ASSIGNMENT. Copy out the data below from the line containing "3901 Braemar Pl, North Vancouver, BC V7N 4M8" to the line containing "Bisou bisou floral white jeans", both lines included, with all images left out.

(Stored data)
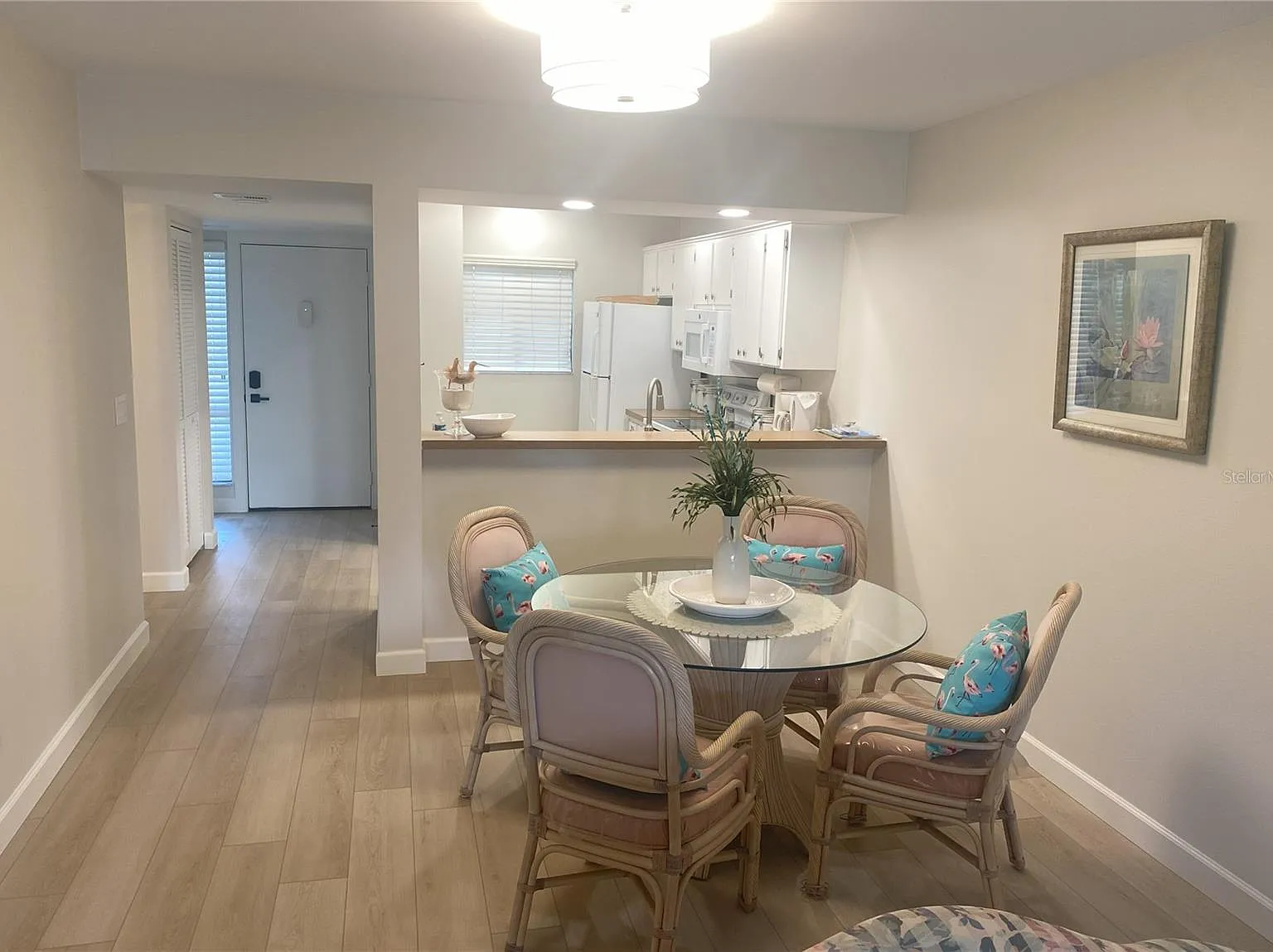 2 bed, 1013 sqft, $1,700 — Photo 3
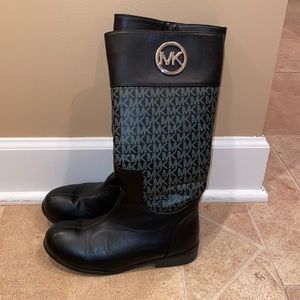 Micheal Kors Boots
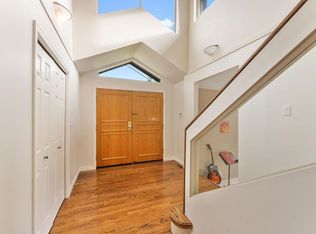 3901 Braemar Pl, North Vancouver, BC V7N 4M8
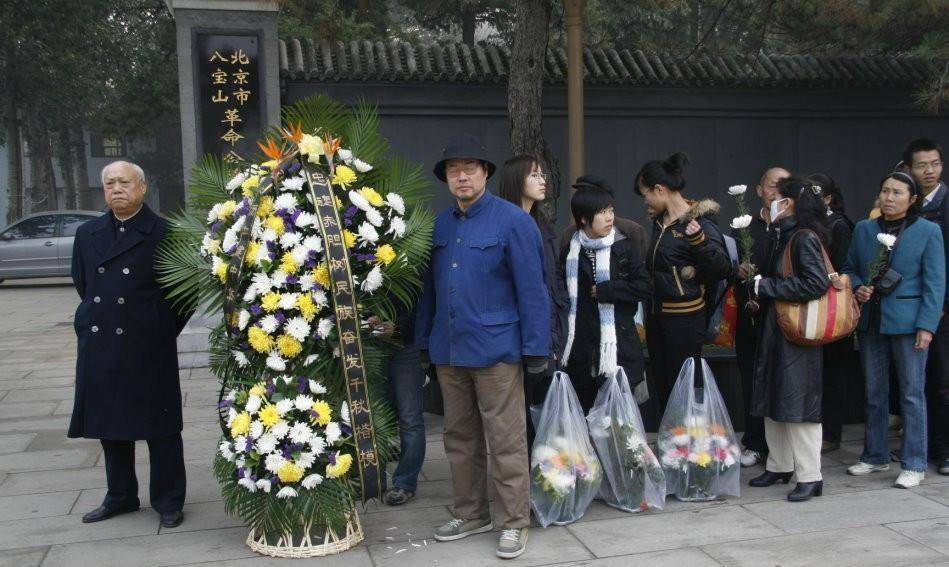 【北京民众送别钱学森】2009年10月31日,钱学森在北京逝世,享年98岁.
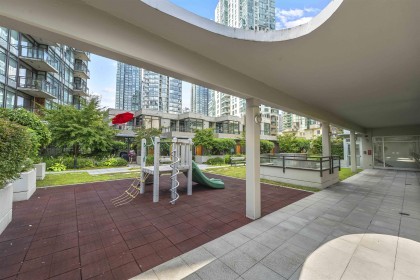 Photo 33 at 1705 - 1211 Melville Street, Coal Harbour, Vancouver West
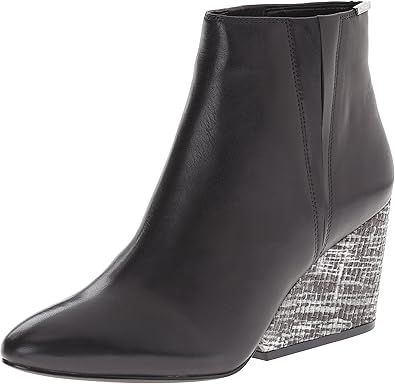 calvin klein women's fiorella booties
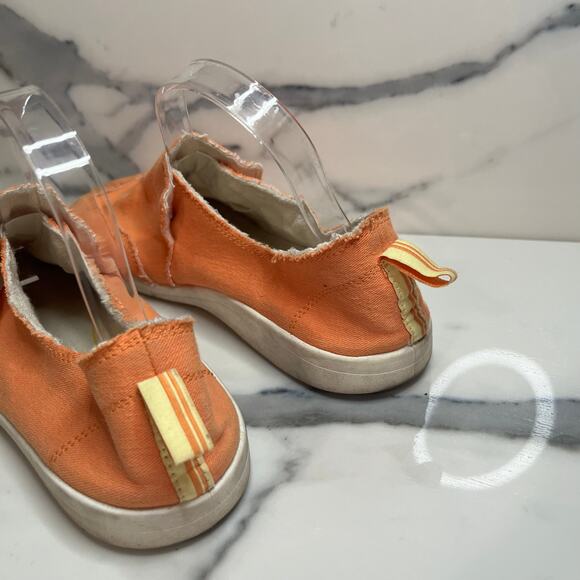 Vionic Beach | Women's Orange Casual Slip On Comfort Malibu Sneaker Sz 9 - Picture 4 of 6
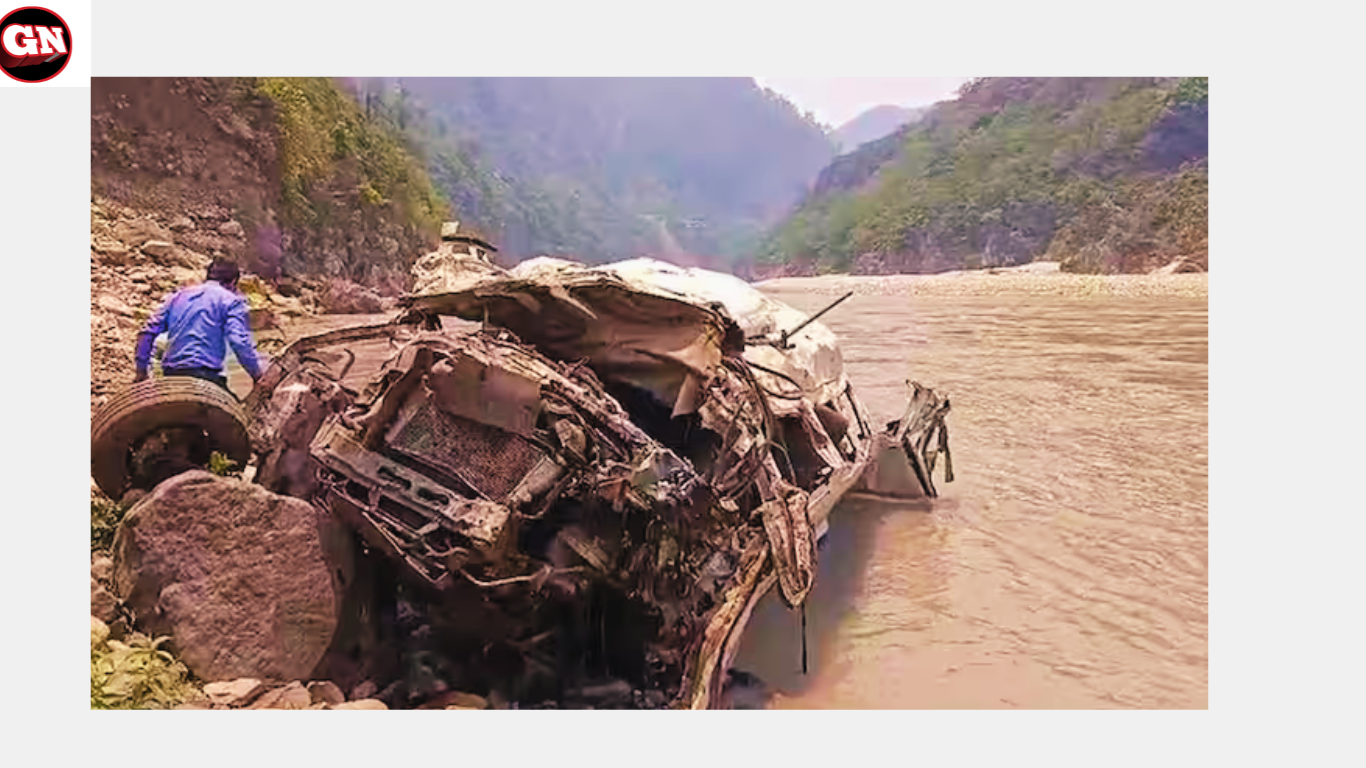 Uttarakhand: Tempo Falls Into Gorge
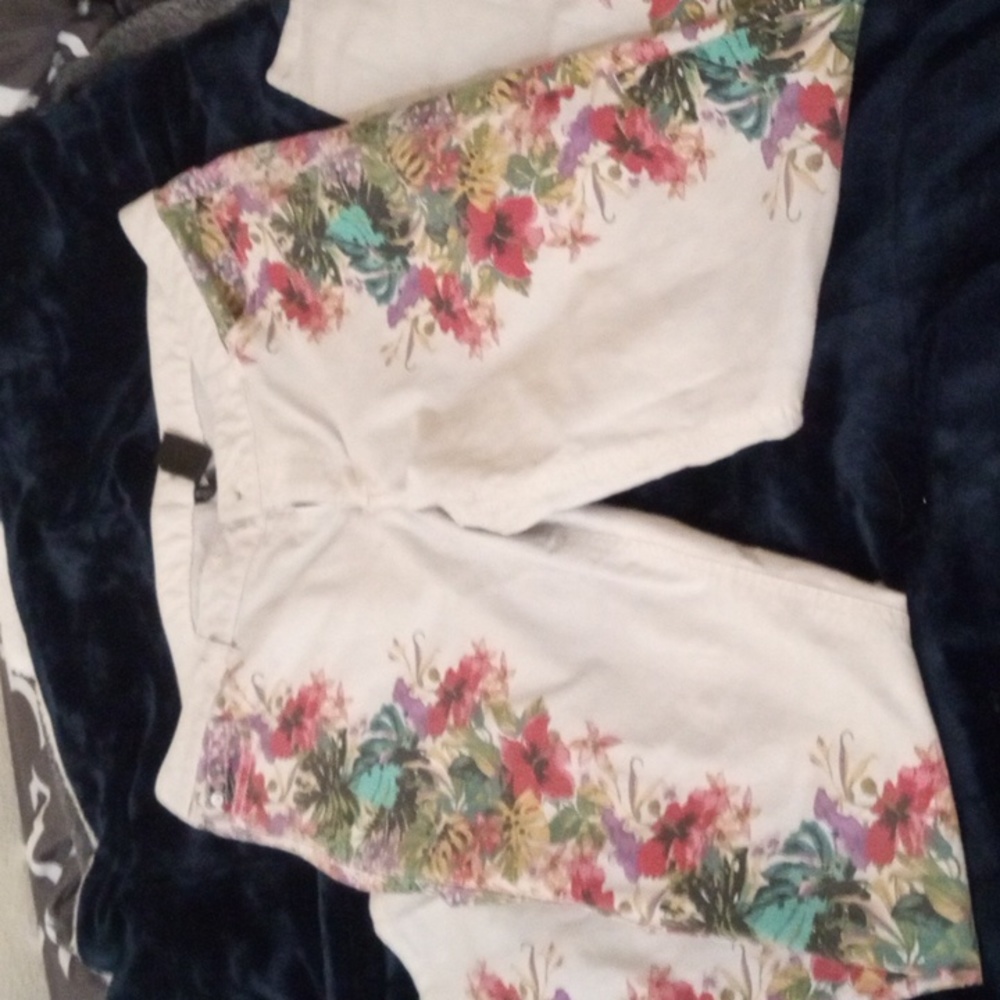 Bisou bisou floral white jeans
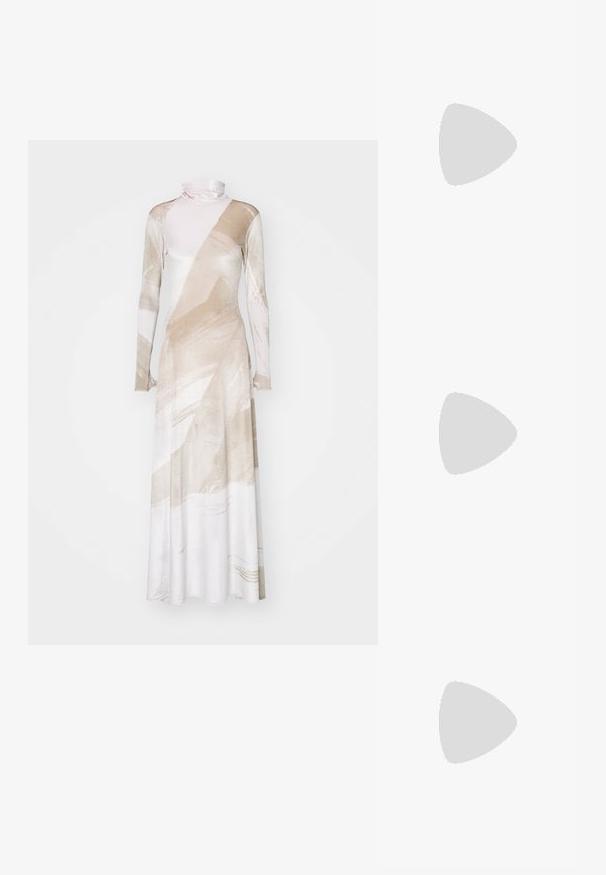 Pikend, keha kallistav kleit pehmest sametist materjalist, millel on abstraktsed mustrid beeži ja valge värviga, kõrge kaelusega ja pikkade varrukatega.; Mustad nahast slingback kontsad terava ninaga, millel on õhuke konts ja kuldse tooni aktsent reguleeritaval rihmal. Sile tekstuur.; Must mustriline nahk kott kuldse ketiraami ja kuldse riistvara lukuga. Ristkülikukujuline vorm ja tekstureeritud pind.; Kullatud ja hõbedased poolringikujulised kõrvarõngad läikiva viimistlusega, millel on ühel küljel väikesed selged rhinestone aktsendid.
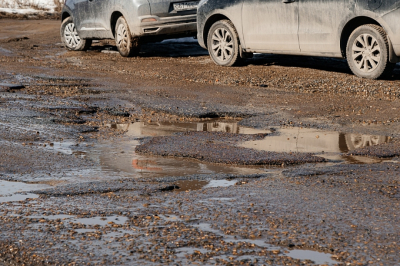 &laquo;Заплатка на заплатке&raquo;: челнинцы жалуются на состояние улицы Аэродромная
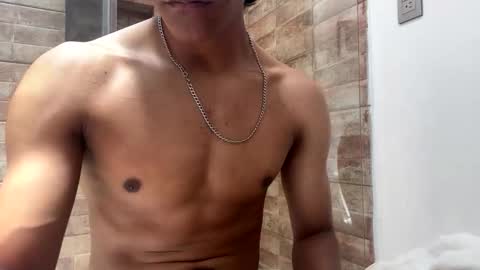 Snapshot of themachcute chatting on 16, 5, 2026 themachcute online show from 16, 5, 2026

TASK OUTPUT.
 3901 Braemar Pl, North Vancouver, BC V7N 4M8
 【北京民众送别钱学森】2009年10月31日,钱学森在北京逝世,享年98岁.
 Photo 33 at 1705 - 1211 Melville Street, Coal Harbour, Vancouver West
 calvin klein women's fiorella booties
 Vionic Beach | Women's Orange Casual Slip On Comfort Malibu Sneaker Sz 9 - Picture 4 of 6
 Uttarakhand: Tempo Falls Into Gorge
 Bisou bisou floral white jeans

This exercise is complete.